Mahmood Farooqui Mahmood Farooqui | 18 Nov, 2009
Faiz Ahmed Faiz passed on 25 years ago. A chronicle of the life of the Scotch-drinking, globe-trotting, communist, Don Juanesque poster boy of modern Urdu poetry.
Faiz Ahmed Faiz passed on 25 years ago. A chronicle of the life of the Scotch-drinking, globe-trotting, communist, Don Juanesque poster boy of modern Urdu poetry.

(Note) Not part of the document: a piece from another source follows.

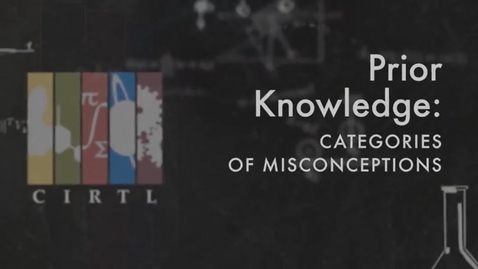 Thumbnail for Categories of Misconceptions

Faiz Ahmed Faiz was the most popular poet known to the independent countries of India and Pakistan. I include India because Urdu poets have long enjoyed a preponderant influence on its poetic culture, thanks in no small measure to Hindi-Urdu cinema. He also led an idealistic life of resistance, which makes him—a concept coined by Milan Kundera—the perfect example of the ‘Writer as modern Prophet’. His verse still resonates from Peshawar to Bengal, enjoying simultaneous currency in elite salons as well as grassroots revolutionary movements. You can find Faiz adorning pamphlets demanding the ‘Right to Food’ as well as helping lovers woo their beaus in elite colleges across north India. How did he become so popular, so ubiquitous and so long-lasting?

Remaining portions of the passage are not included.